For Release: January 6, 2016

CU-Bolder

SDSS J1126+2944
Credit: X-ray: NASA/CXC/Univ of Colorado/J.Comerford et al; Optical: NASA/STScI

In a season of post-holiday gym memberships, an unusually star-deprived black hole at the site of two merged galaxies is showing that these massive gravitational voids can shed weight too.

The recently discovered black hole, which does not have the expected number of stars surrounding it, could provide new insight into black hole evolution and behavior, according to recently published research from the University of Colorado Boulder.

The findings were announced today during a news briefing at the annual meeting of the American Astronomical Society (AAS) being held this week in Kissimmee, Florida.

Supermassive black holes exist at the centers of all massive galaxies, including the Milky Way, and contain a mass of between 1 million and 1 billion times that of the sun. The mass of a black hole tends to scale with the mass of its galaxy, and each black hole is typically embedded within a large sphere of stars.
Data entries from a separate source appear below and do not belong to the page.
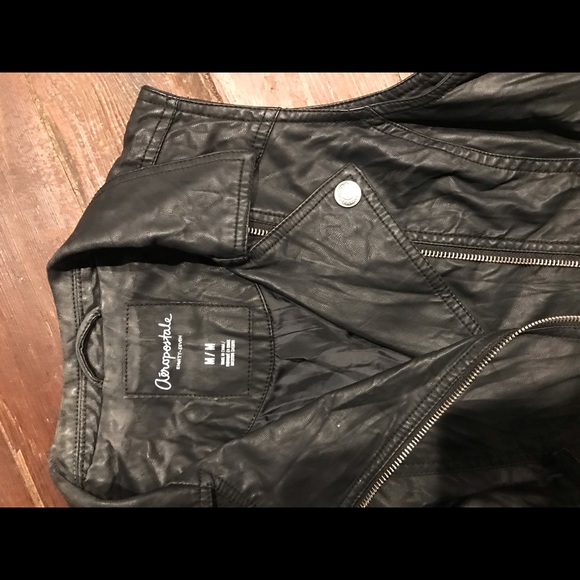 Aero Pleather Zip Vest - Picture 2 of 2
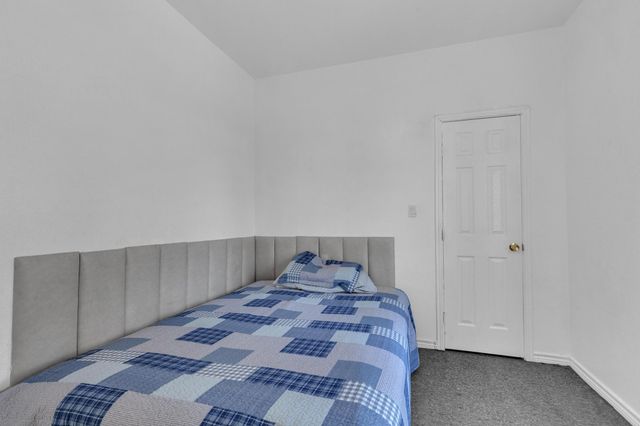 114 Crepe Myrtle PKWY, Elgin, TX 78621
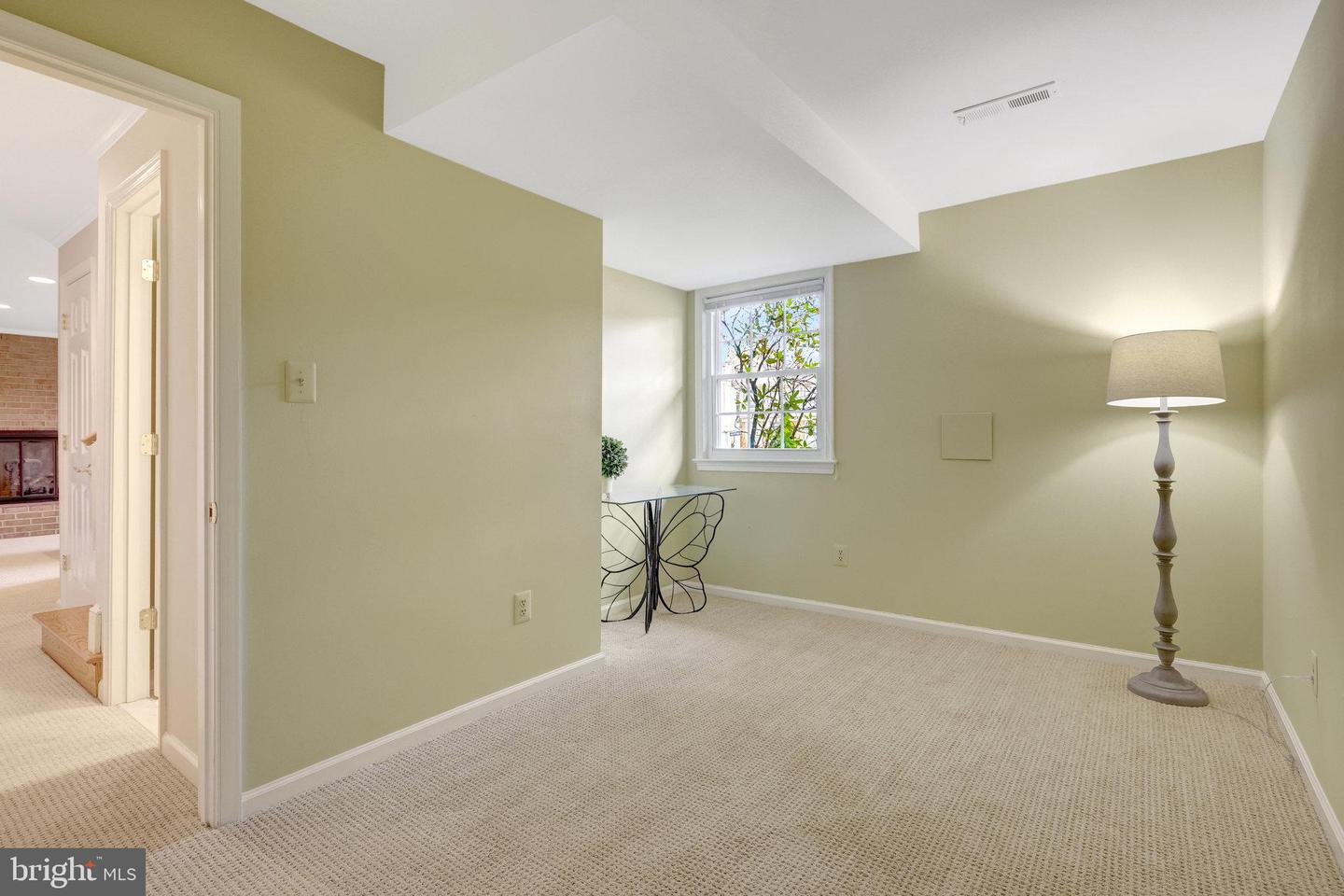 9527 CENTER ST, VIENNA, Virginia 22181, 4 Bedrooms Bedrooms, ,2 BathroomsBathrooms,Residential,For sale,9527 CENTER ST,VAFX2279092 MLS # VAFX2279092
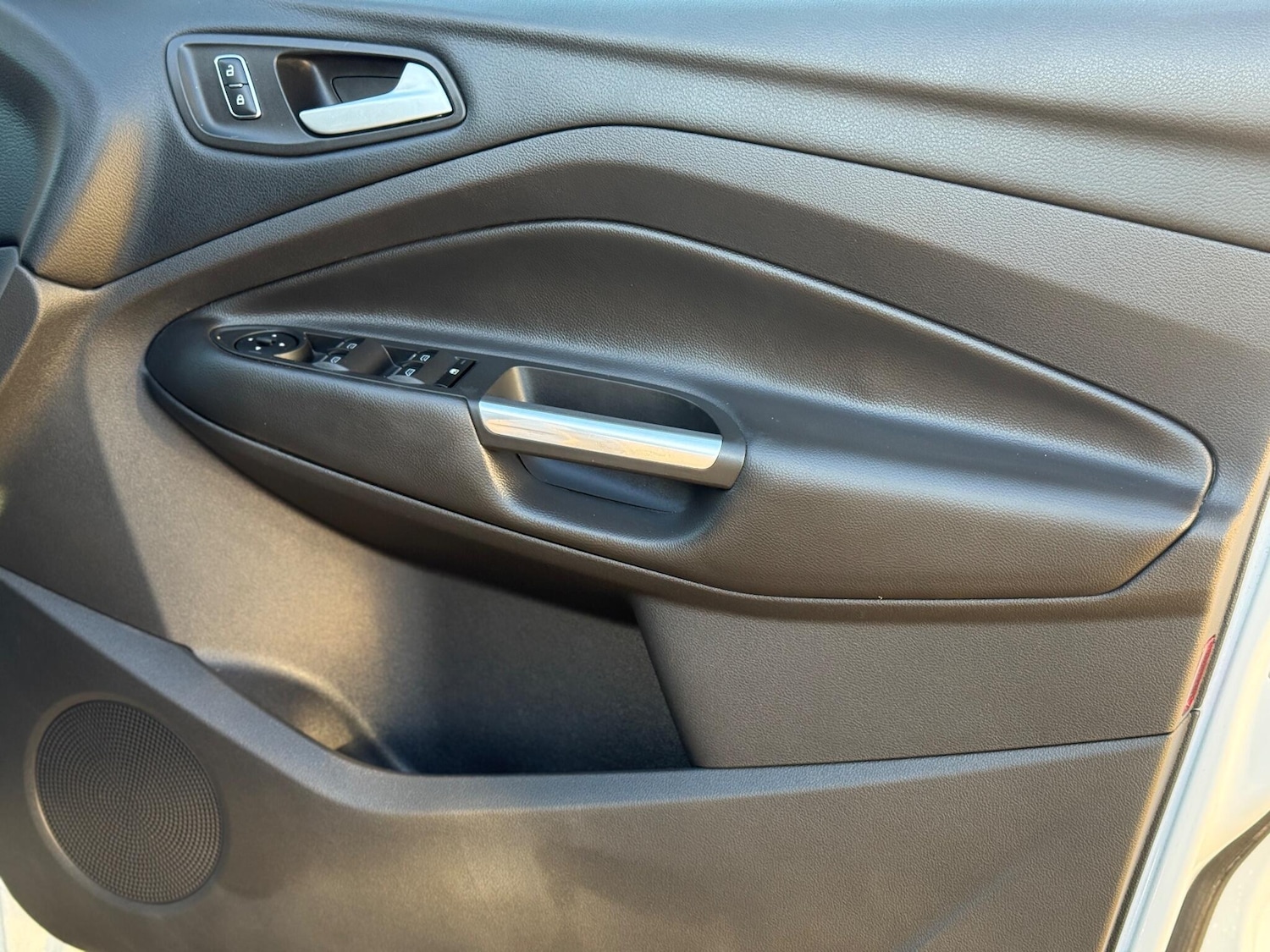 Used Ford Kuga 2016 for sale - 76711952: Photo 33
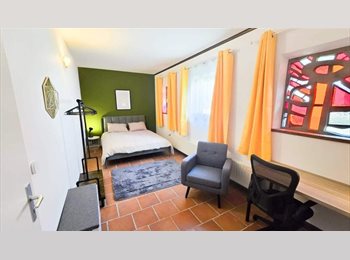 Appartager LU - Vaste chambre en résidence conviviale avec jardin à Leudelange, Luxembourg - 890 € / Mois
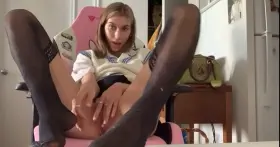 Just warming up for daddy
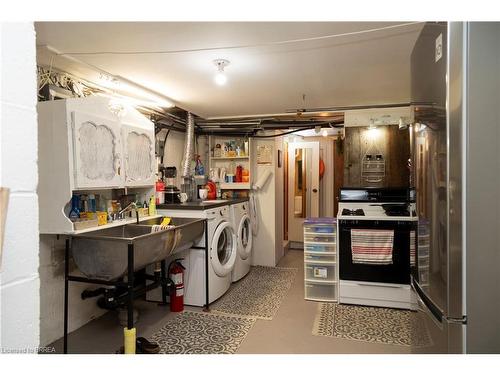5 Charles Street, Simcoe, ON - Indoor Photo Showing Laundry Room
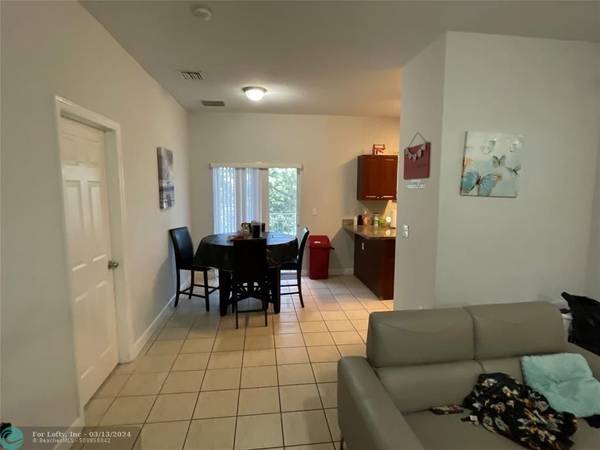 Homestead, FL 33033,2589 NE 4th St  #206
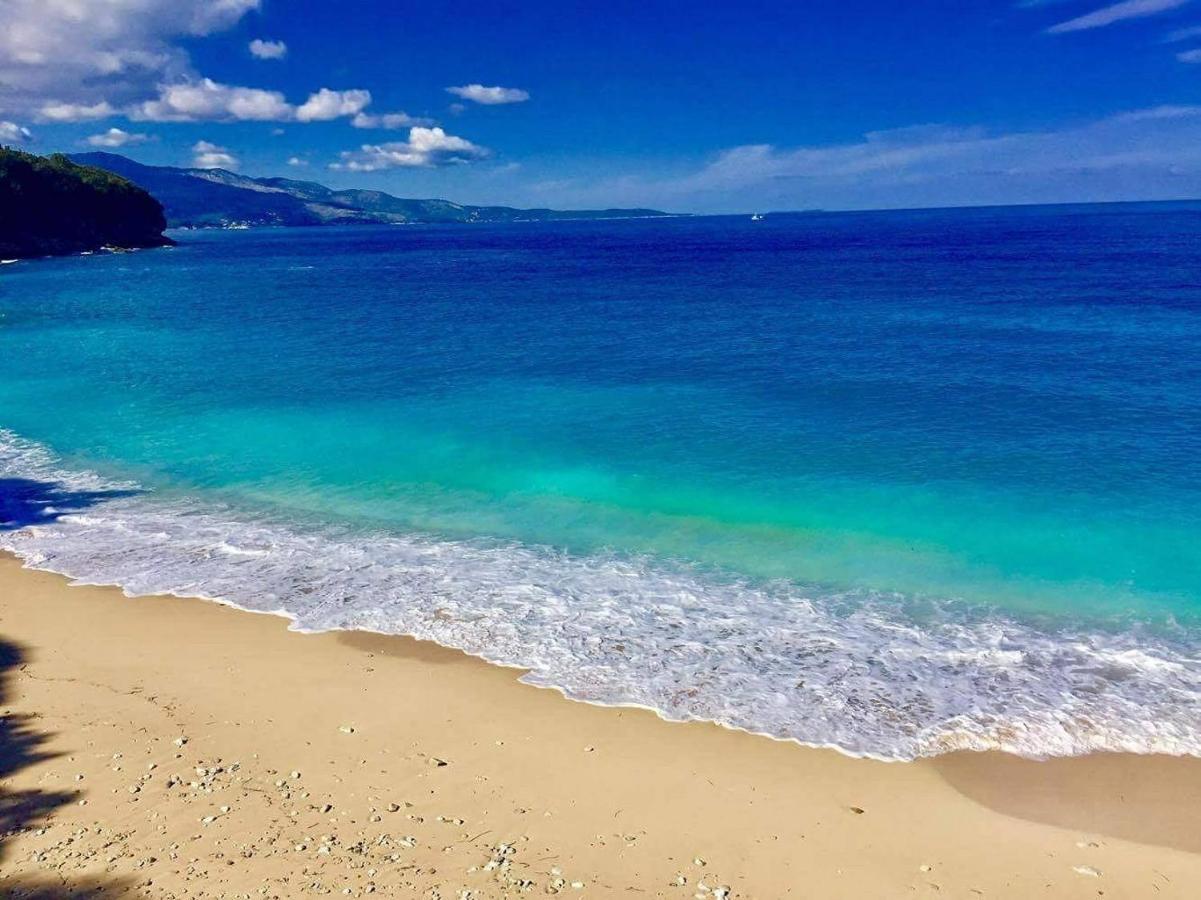 Sunset Apartment Saranda Bay Екстер'єр фото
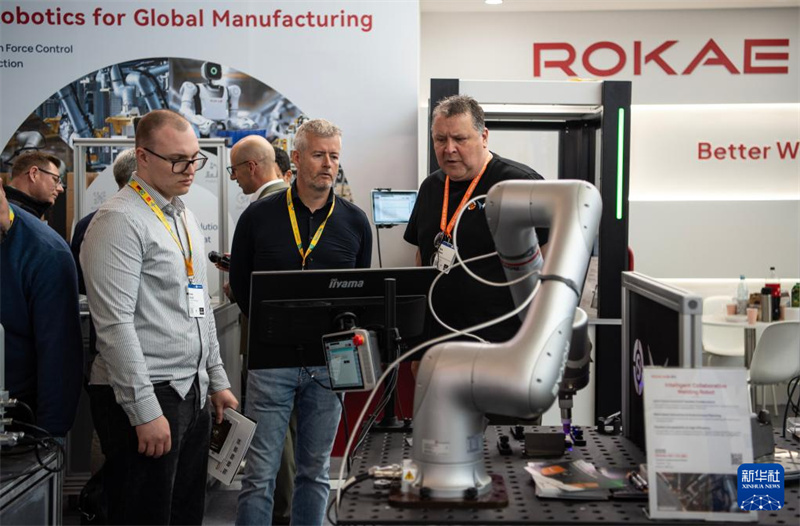 Des exposants chinois présents au salon Hannover Messe 2026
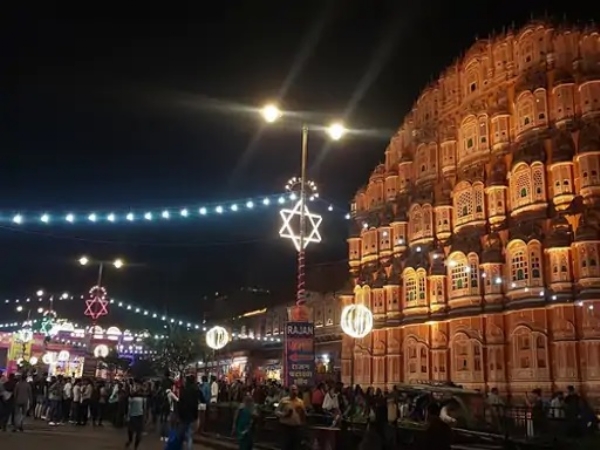 रोशनी में नहाया हवामहल सैलानियों और स्थानीय लोगों को दिवाली पर आकर्षित कर रहा है।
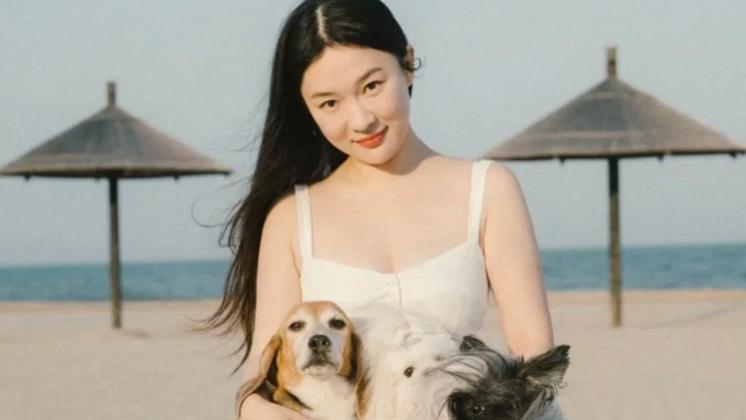 霍思燕爱犬夺冠刷屏：被爱真的能让生命重新长出血肉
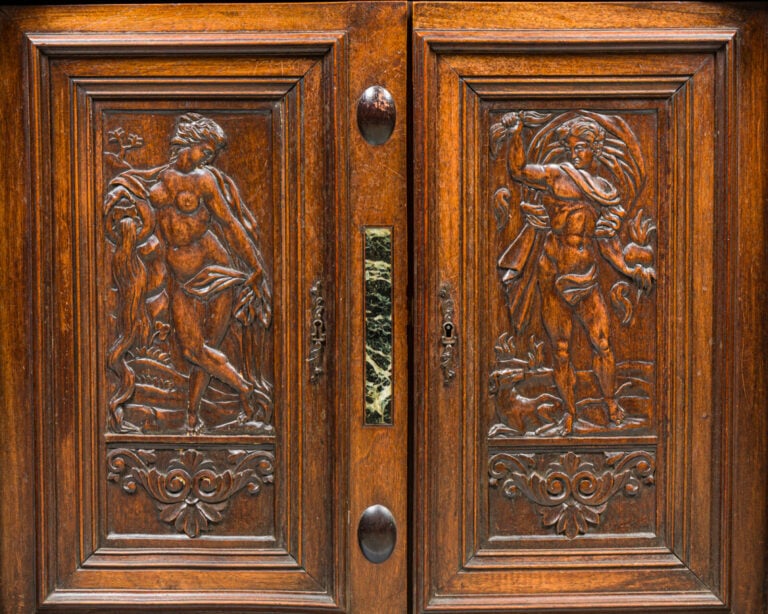 Buffet deux corps en noyer mouluré et sculpté ; de forme rectangulaire, le corp…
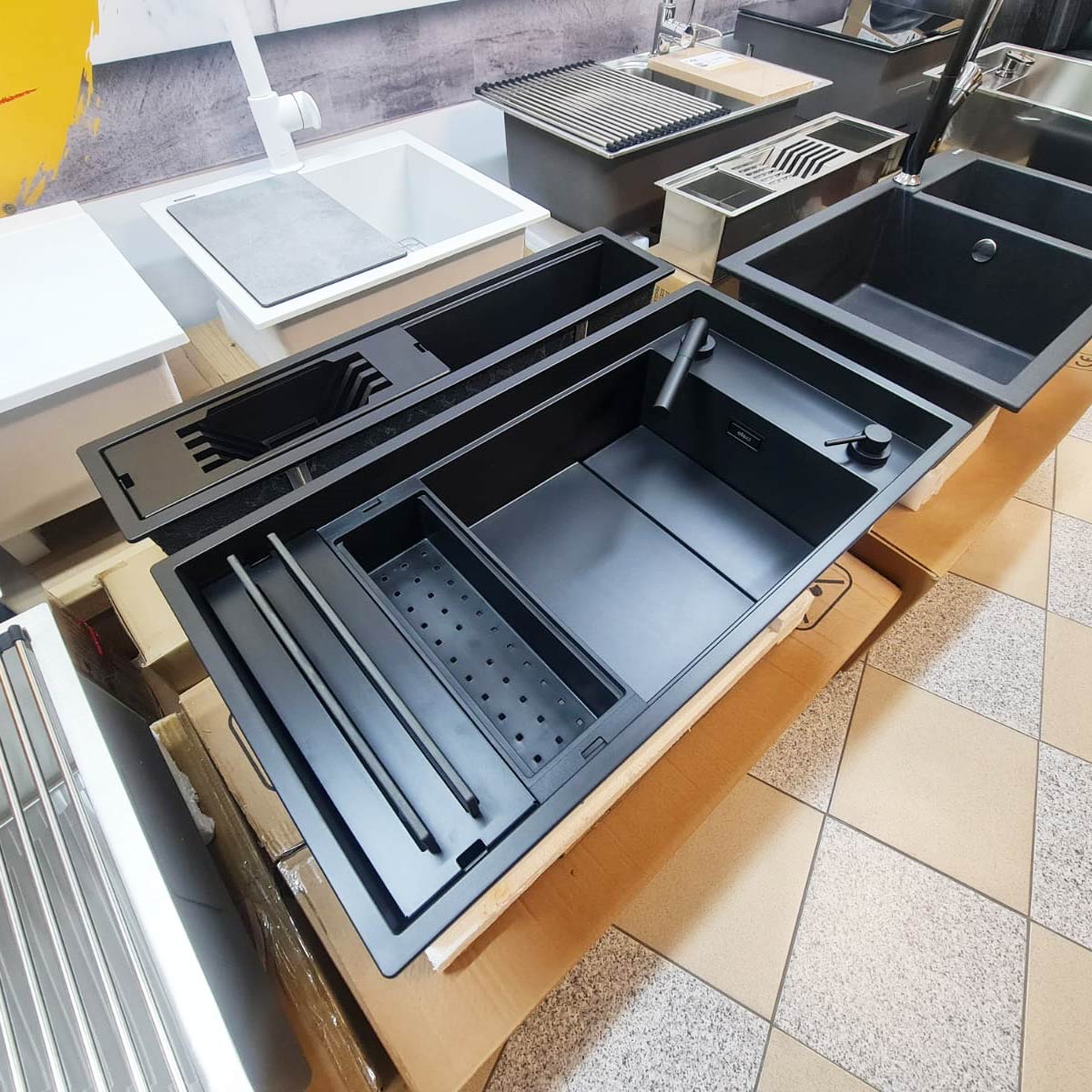 Baterie-bucatarie-telescopica-neagra-extractibila-retractabila-CookingAid-Guglielmi-SP87040-matt-black-Italy-8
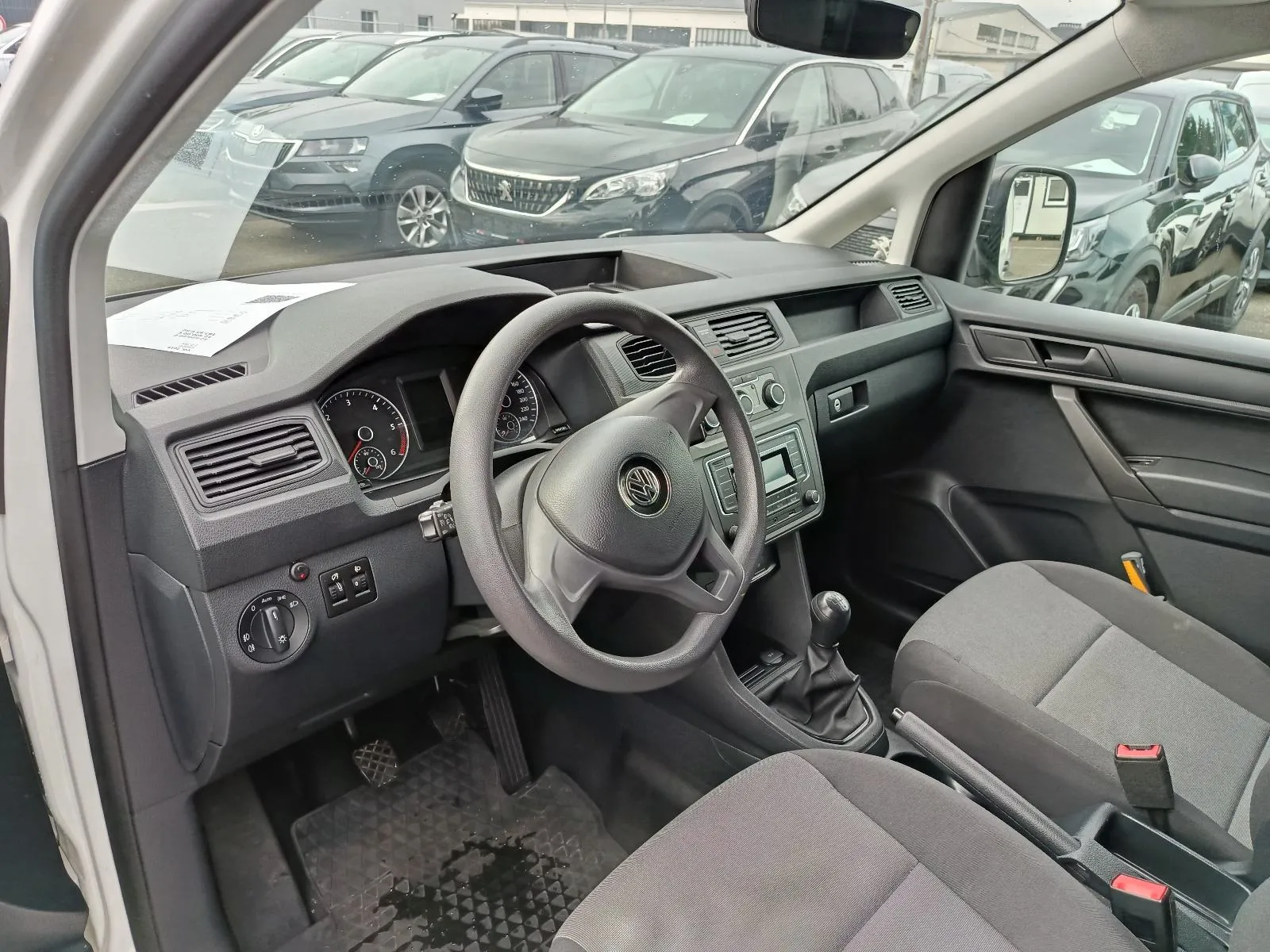 vw caddy 2.0 tdi,jamstvo do 2 god, 2019 god. - slika 7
The galaxy SDSS J1126+2944 is the result of a merger between two smaller galaxies, which brought together a pair of supermassive black holes. One of the black holes is surrounded by a typical amount of stars, but the other black hole is strangely “naked” and has a much lower number of associated stars than expected.

“One black hole is starved of stars, and has 500 times fewer stars associated with it than the other black hole,” said Julie Comerford, an assistant professor in CU-Boulder’s Department of Astrophysical and Planetary Sciences and the lead investigator of the new research. “The question is why there’s such a discrepancy.”

One possibility, said Comerford, is that extreme gravitational and tidal forces simply stripped away most of the stars from one of the black holes over the course of the galactic merger.